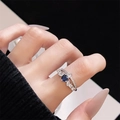 Detailed view of an aquamarine blue stone ring with layered band on a model's hand - Double Layer Irregular Style (JZ4741)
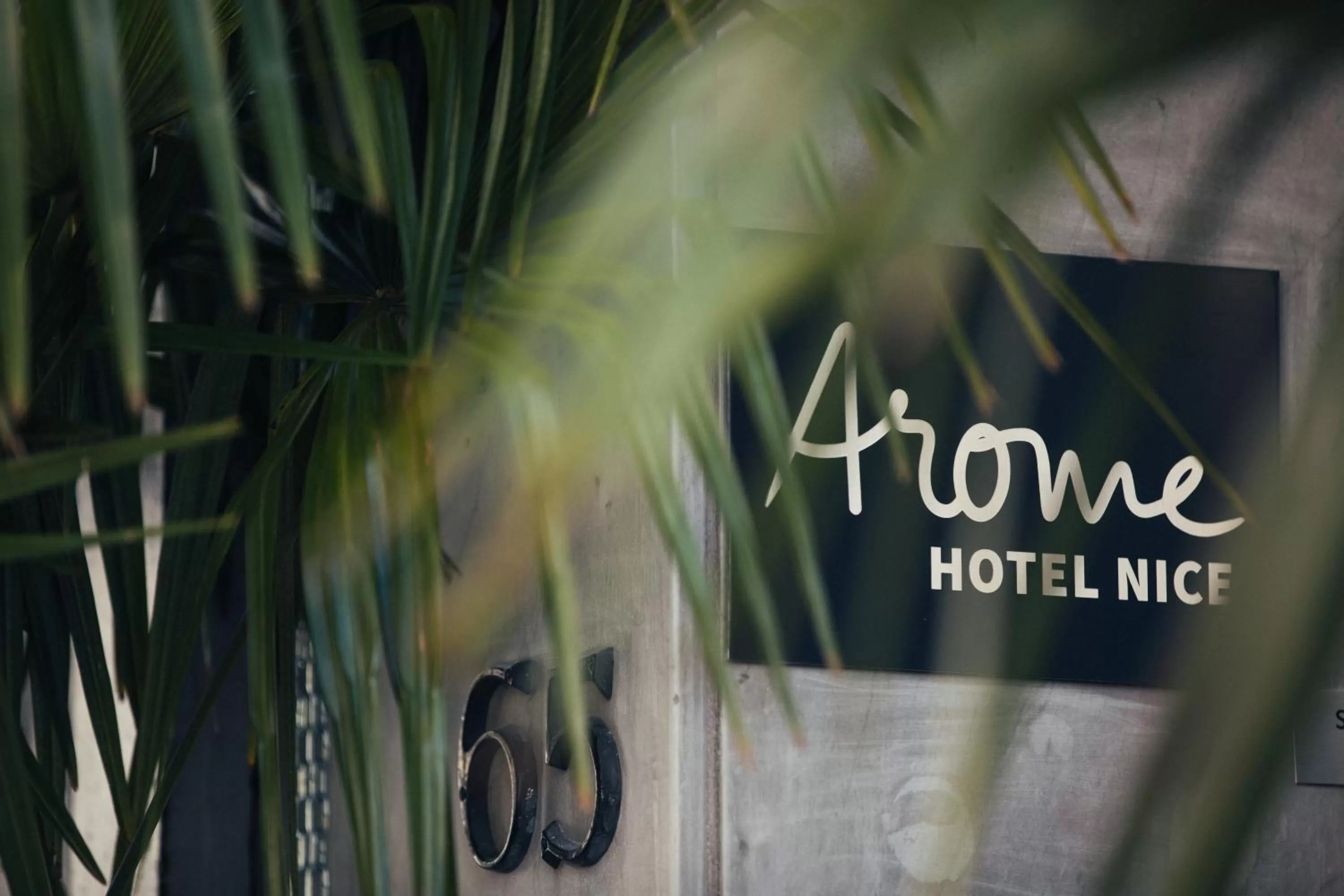 Facade/entrance in Arome Hôtel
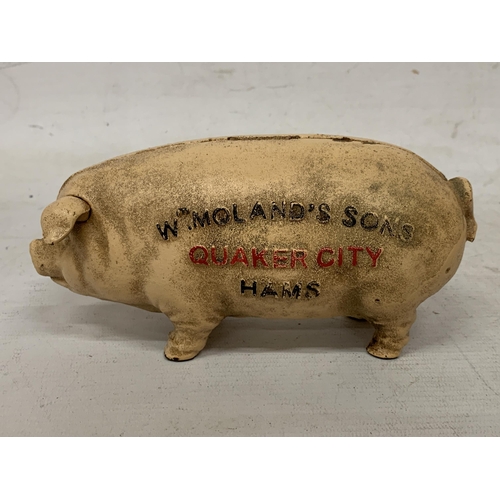 106 - A VINTAGE CAST IRON PIG BANK, 'QUAKER CITY', HEIGHT 9CM, LENGTH 20CM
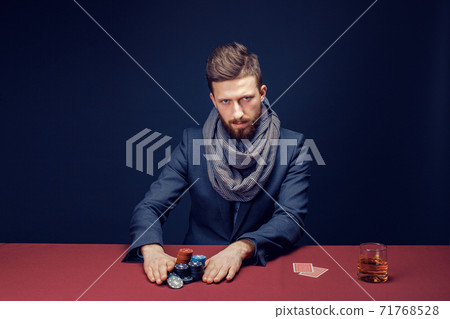 Stylish bearded Man in suit and scarf playing in dark casino, smoking cigar, drink whiskey Stylish bearded Man in suit and scarf playing in dark casino, smoking cigar, drink whiskey 71768528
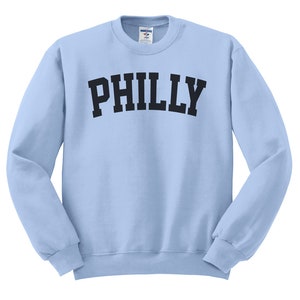 Puede incluir: Una sudadera de color azul claro con la palabra "PHILLY" impresa en negro en la parte delantera.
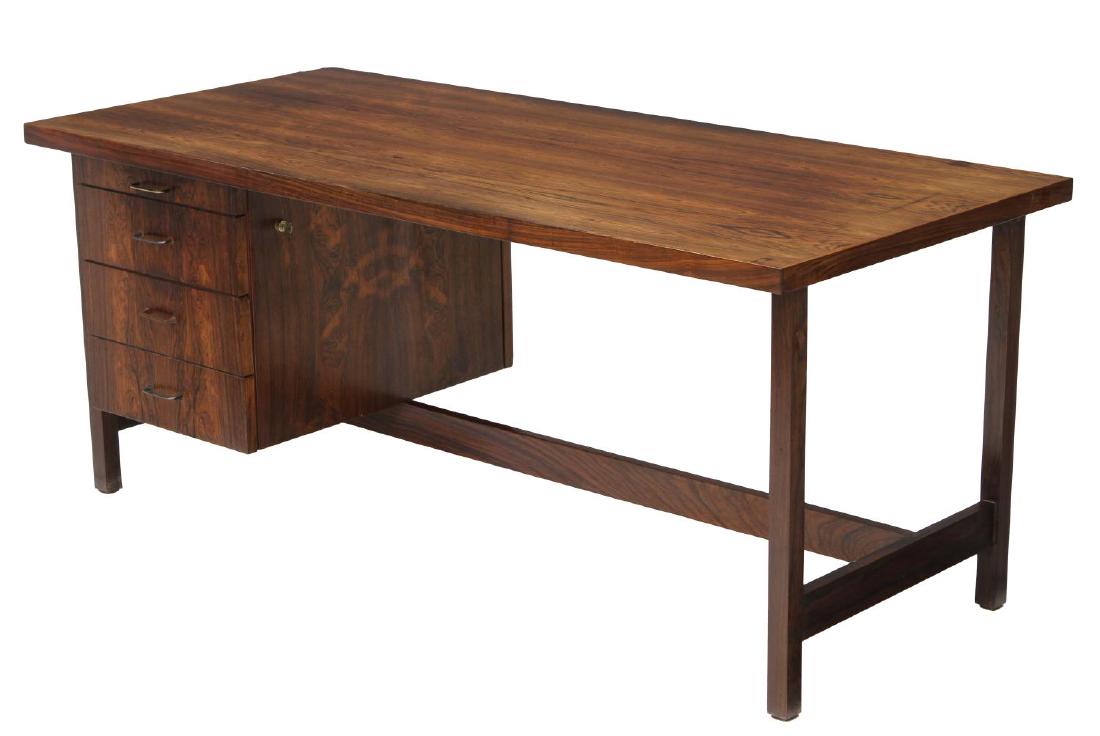 ITALIAN MID-CENTURY MODERN ROSEWOOD WRITING DESK: talian design mid-century modern rosewood writing desk, c. 1960, finely figured wood, lockable top drawer retaining keys and opening to sectioned plastic tray, four drawers total, rise on stretcher jo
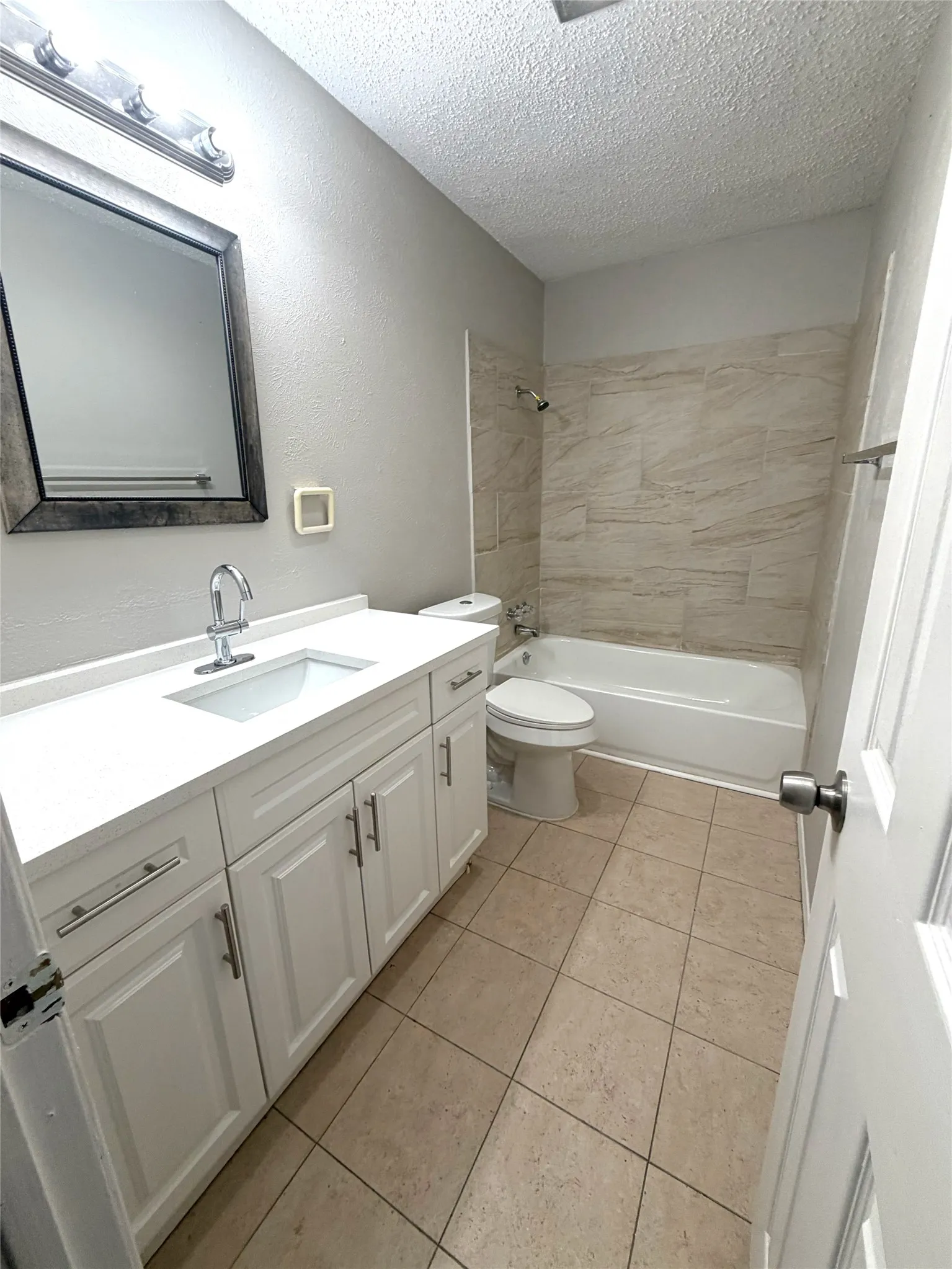 White vanity with brushed nickel hardware, integrated sink, and light-toned countertop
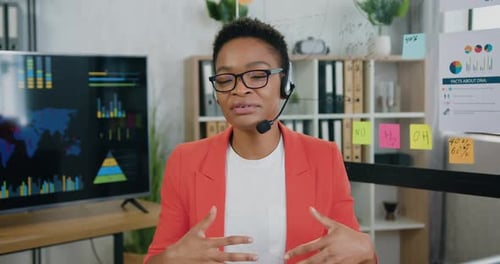 Empresaria afroamericana con auriculares que habla a la cámara durante un chat Vídeo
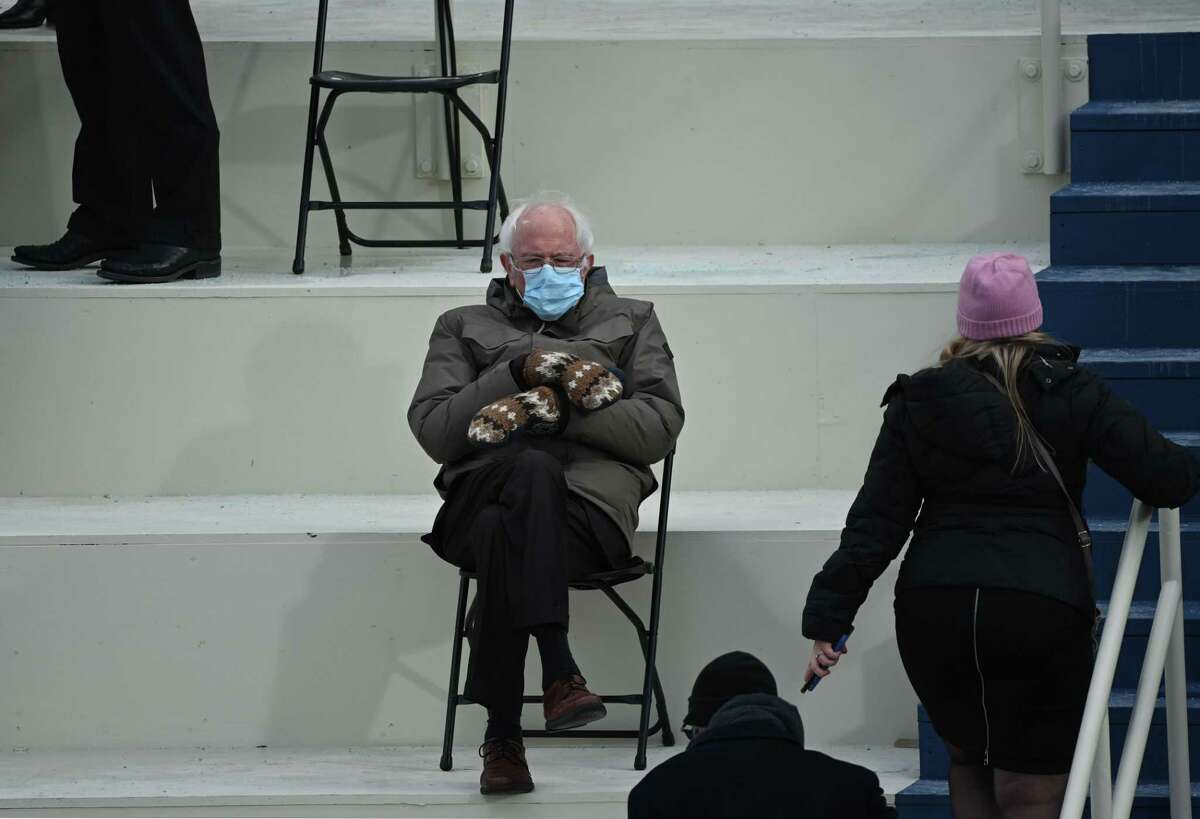 Sen. Bernie Sanders sits in the bleachers on Capitol Hill before Joe Biden is sworn in as the 46th US President on January 20, 2021, at the US Capitol in Washington, D.C. Images)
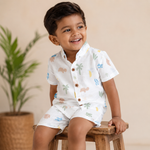 Boys wearing a printed cotton shirt with straight collar and matching shorts from Boon Babies in a casual outdoor setting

▶ [Prompt]:
All lines from the one containing "Empresaria afroamericana con" through the end of the entries above must be given again exactly, with every picture omitted.

▶ [Solution below]:
 Empresaria afroamericana con auriculares que habla a la cámara durante un chat Vídeo
 Sen. Bernie Sanders sits in the bleachers on Capitol Hill before Joe Biden is sworn in as the 46th US President on January 20, 2021, at the US Capitol in Washington, D.C. Images)
 Boys wearing a printed cotton shirt with straight collar and matching shorts from Boon Babies in a casual outdoor setting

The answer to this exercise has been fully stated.